If political activism may seem boring, hard to understand and, especially uninteresting to some people, this isn't the case for Ruzanna Grigoryan, who gained notoriety in the Internet during the “Mockery as a method for civic struggle” action.

During one of the actions against the mayor's office, she appeared with a toy gun and wearing clown accessories, emphasizing the absurdity of the authorities and the police force defending them.

Poet and publicist Zaruhi Hovhannisyan says it's typical for Ruzanna – transforming to a humorous situation after actions deemed too serious.

"She adds positive energy into the struggle with it," says Hovannisyan. "In every action Ruzik sees that which is in the parallel domain and is able to change the life with culture”.

The first fervent wave of civic activism was in 2010 to preserve the summer hall of Moscow Cinema, when the Mother See wanted to demolish it to build the St. Poghos-Petros Church on the site.
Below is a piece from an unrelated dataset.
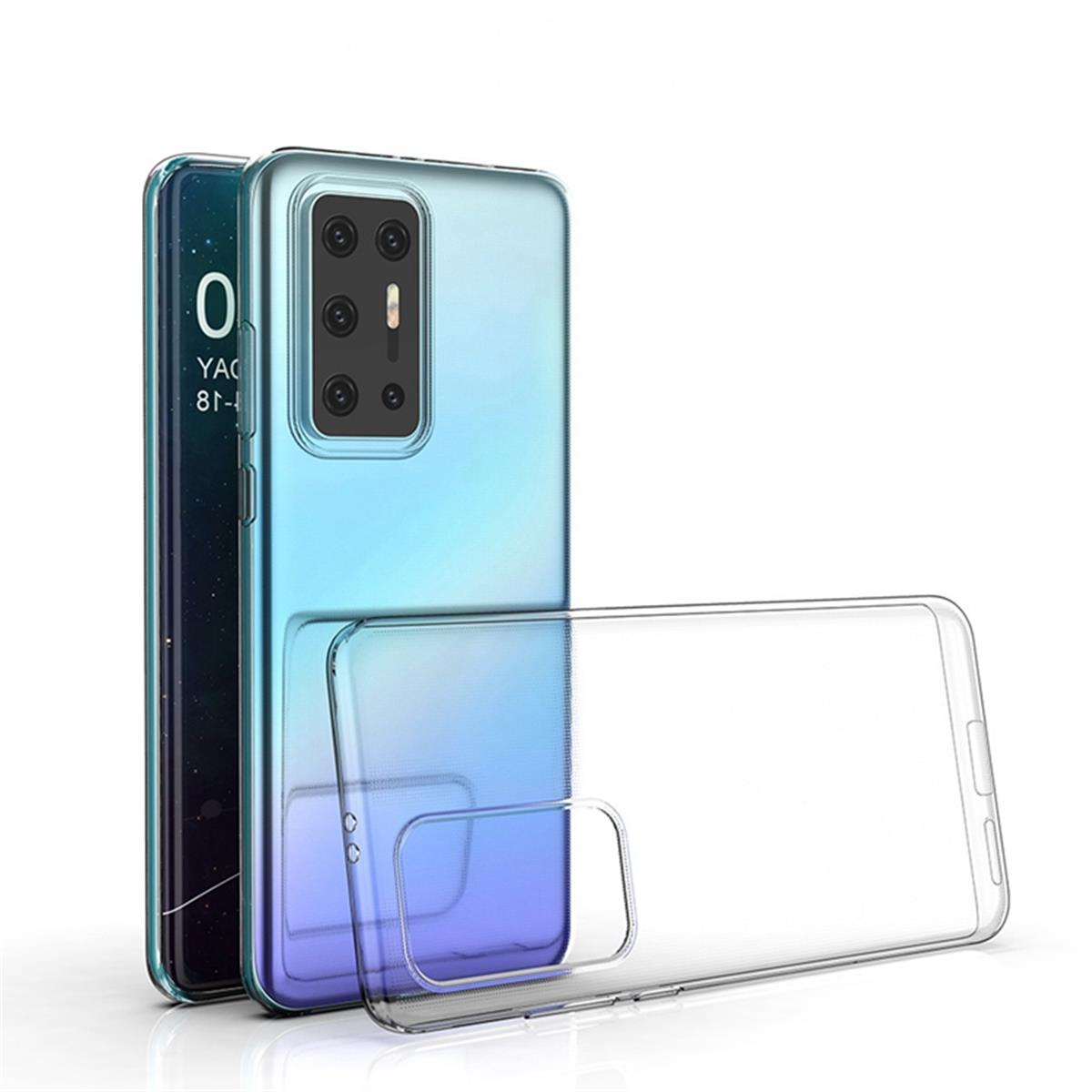 Blaues Telefon mit transparenter Hülle und einer weiteren Hülle. Weißer Hintergrund. Schräg gestellt.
Many groups and movements were formed afterwards, most notably the Mashtots Park and Hundred's movements, which too were victorious.

Ruzanna finds civic movements very important for the development of Armenia, because not only they formulate and solve problems in the system, they also create new cultures, e. g. the culture of young people's independent habitation.

“Many girls, in the course of civic movements, started to separate from their parents and organizing their lives independently”,- she says.

Ruzanna, with fellow activist Lena Nazaryan, has been renting an apartment for some months already, and is leading an independent life. In the new apartment, they have just moved in their belongings, which are still scattered, and a small kitten is running around. Parallel to an active social life, they also manage to take care of the animal they found in the yard.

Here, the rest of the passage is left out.